Saat ini di rumah sakit hanya ada hanif dan danil, sauqy di bawa pulang oleh ayah dan bunda, ibu rosa juga ikut pulang, untuk menyiapkan pakaian ganti danil.
Linda mengantar ibu rosa sekalian membawa pakaian ganti untuk danil.
Di rumah sakit saat ini, hanif hanya diam dan tidak banyak bicara, hanif akan berbicara kalau danil bertanya padanya.
''Kamu masih marah sama mas?? '' ucap danil.
''Gak, biasa ajah mas danil. '' ucap hanif.
''Mas merasa kamu masih belum memaafkan mas, terasa berbeda soalnya. '' ucap danil dan hanif hanya tersenyum.
''Maaf kalau selama hampir tiga bulan aku bawa anak anak pergi, semua karena aku belum bisa menerima kejadian itu, memang aku melihat mas danil di bopong oleh dua laki laki dan di belakangnya wanita itu mengikuti, tapi yang gak habis aku fikir, kenapa mas danil bisa terkena jebakan lagi, apa mas danil begitu dekat dengan wanita itu?? '' ucap hanif.
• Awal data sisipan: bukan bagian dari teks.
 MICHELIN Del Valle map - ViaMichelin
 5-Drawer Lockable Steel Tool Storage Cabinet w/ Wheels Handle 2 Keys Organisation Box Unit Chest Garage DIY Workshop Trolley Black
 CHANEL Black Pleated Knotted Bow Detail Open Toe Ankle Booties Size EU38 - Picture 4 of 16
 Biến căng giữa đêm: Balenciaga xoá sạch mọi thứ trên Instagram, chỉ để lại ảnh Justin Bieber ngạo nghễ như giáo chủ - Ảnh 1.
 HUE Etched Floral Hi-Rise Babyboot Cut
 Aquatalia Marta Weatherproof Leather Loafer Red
''Mas gak tau saat itu, kalau jus yang di minum oleh mas ada obat penghilang kesadaran dan mas juga bodoh, percaya begitu sajah pada wanita itu. '' ucap danil dan hanif hanya diam.
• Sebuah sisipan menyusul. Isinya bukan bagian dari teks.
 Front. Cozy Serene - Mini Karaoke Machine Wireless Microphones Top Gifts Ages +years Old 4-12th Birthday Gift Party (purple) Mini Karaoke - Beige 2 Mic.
''Saat ini aku muncul dan bisa di temukan, semua memang sengaja mas danil, fiya mengigau nama kamu di alam bawah sadarnya, demi anak anak aku mau bertemu dengan kamu mas, maaf kalau aku belum bisa kembali seperti dulu, aku masih sakit mengingat kejadian itu mas danil, walaupun semuanya bukan kemauan kamu, tapi tetap sajah membuat aku sakit. '' ucap hanif.
Danil hanya diam dan tidak bisa menjawab ucapan hanif, sungguh dia menyesal dan sangat menyesal, andai waktu bisa di ulang kembali.
''Mas ikhlas kamu belum memaafkan mas, tapi mas minta ke kamu sayang, jangan tinggalin mas dan jangan pergi lagi yah, mas sangat tersiksa dan sedih sekali, saat kalian tidak ada di samping mas, mas akan sabar mendapatkan maaf dari kamu. '' ucap danil.
''Iya mas danil, aku akan tinggal kembali di rumah bersama anak anak, tapi maaf kalau kamu merasakan perbedaan nantinya, semua karena aku masih canggung mas danil dan masih belum menerima semuannya. '' ucap hanif.
''Mas senang, itu artinya kamu begitu mencintai mas dan kamu cemburu melihat semua kejadian itu. '' ucap danil.
''Terserah kamu ajah mas. '' ucap hanif.
Dokter mengetuk pintu untuk memeriksa keadaan fiya dan suhu tubuh fiya sudah menurun dan tidak terlalu panas, suster menyuntikan obat kembali pada fiya dan fiya membuka matanya, menangis memanggil nama danil.
Danil langsung menghampiri fiya dan menenangkannya.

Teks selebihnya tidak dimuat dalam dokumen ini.